When Should I Begin Preparing My Portfolio?

The best portfolios consistently come from students that have spent the most time preparing. College bound students should take art classes as much as possible and continue through the college application process. 

MFA applicants have usually worked years creating art, but should focus on their most recent work, particularly work done after their undergraduate program.

I Can't Take AP Studio Art, or My School Doesn't Offer It. Can I Still Apply to a College of Art?

Absolutely. There are numerous paths to creating good portfolios. Some applicants do so through the resources they have at their high school, while others have to attend workshops or courses outside. Some applicants have already earned a bachelor's degree in a field outside of art before they realize they want to pursue their art interests.

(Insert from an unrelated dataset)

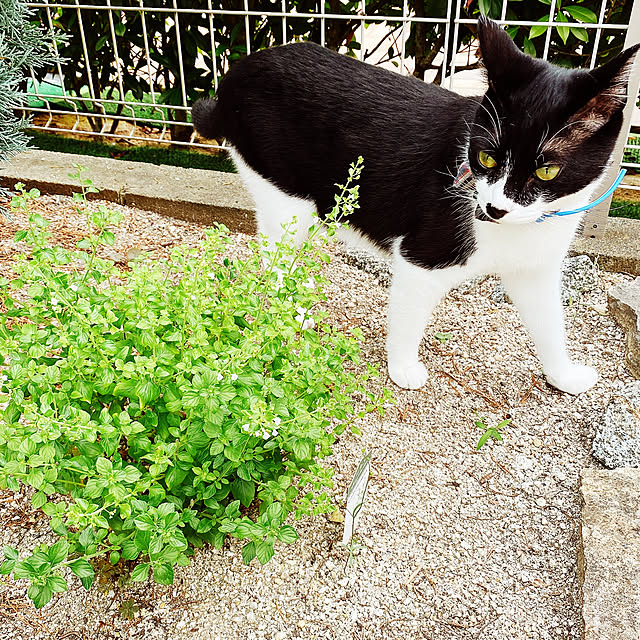 moolさんの実例写真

I'm Already a High School Senior. Is it Too Late to Apply for a College Program that Requires a Portfolio?

It's never too late to begin planning for things that are important to you. Artists are often late bloomers and are sometimes known for procrastinating.

However, it may be too late for a high school senior who has never taken an art class to seriously consider applying to a college of art. I have recommendations for students in this scenario to help with this decision.

I Plan to Attend a College of Art. Do I Need to Make Good Grades in Adademic Classes?

YES - making good grades is necessary to succeed at any college! It is important to make good grades in academic classes as well as have a strong portfolio. If students can not handle their academic courses in high school, they are much less likely to be able to handle these courses in college or to graduate.